Loading Data#
Consistency scores are only meaningful when the input represents genuine feasible choices. For budget data, prices must be positive and quantities non-negative. For menu data, reconstruct menus from what the user actually saw, keep only sessions with exactly one purchase, ensure the chosen item appears in the menu, and remap item IDs to contiguous 0..N-1 indices. The Engine validates types, shapes, value ranges, and menu structure before scoring. If your data passes validation but the menus or budgets do not approximate real choice sets, the resulting scores will measure data artifacts rather than behavior.
Synthetic data (Rust-parallel generators)#
PrefGraph ships four Rayon-parallel generators that produce data in the exact format the Engine expects. Each accepts a rationality parameter (0.0 = random, 1.0 = utility-maximizing) and a seed for reproducibility.

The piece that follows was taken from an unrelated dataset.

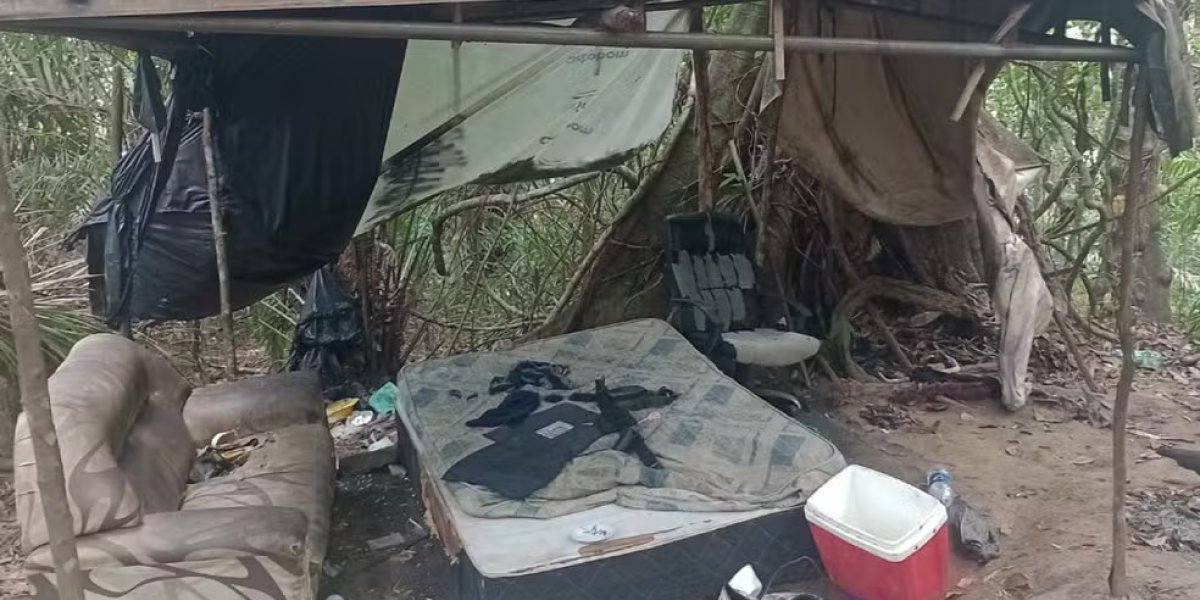 Polícia Militar desmonta acampamento de suspeitos de tráfico na Ilha Amarela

Generation runs entirely in Rust with the GIL released, so 100K users take roughly one second.
from prefgraph import generate_random_budgets, generate_random_menus
from prefgraph.engine import Engine, results_to_dataframe
# Budget data: each user has 15 shopping trips across 5 goods.
# rationality=0.7 means 70% of choices follow Cobb-Douglas utility,
# 30% are random — simulating realistic noisy behaviour.

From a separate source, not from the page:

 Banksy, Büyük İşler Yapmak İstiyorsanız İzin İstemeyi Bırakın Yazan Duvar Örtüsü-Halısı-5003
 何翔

budget_data = generate_random_budgets(
n_users=100_000, n_obs=15, n_goods=5,
functional_form="cobb_douglas", # also "ces" or "leontief"
rationality=0.7, noise_scale=0.3, seed=42,
)
# Score all 100K users in one Rust-parallel batch call
engine = Engine(metrics=["garp", "ccei", "hm"])
df = results_to_dataframe(engine.analyze_arrays(budget_data))
print(df[["is_garp", "ccei", "hm_consistent", "hm_total"]].head())
is_garp ccei hm_consistent hm_total
0 True 1.0 15 15
1 True 1.0 15 15
2 True 1.0 15 15
3 True 1.0 15 15
4 True 1.0 15 15
# Menu data: each user picks one item from a variable-size menu (2–5 items).
# logit choice model adds realistic substitution noise.
menu_data = generate_random_menus(
n_users=100_000, n_obs=10, n_items=5,
menu_size=(2, 5), choice_model="logit", # also "fixed_ranking" or "uniform"
temperature=1.0, rationality=0.7, seed=42,
)
engine2 = Engine(metrics=["hm"])
df2 = results_to_dataframe(engine2.analyze_menus(menu_data))
print(df2[["is_sarp", "n_sarp_violations", "hm_consistent", "hm_total"]].head())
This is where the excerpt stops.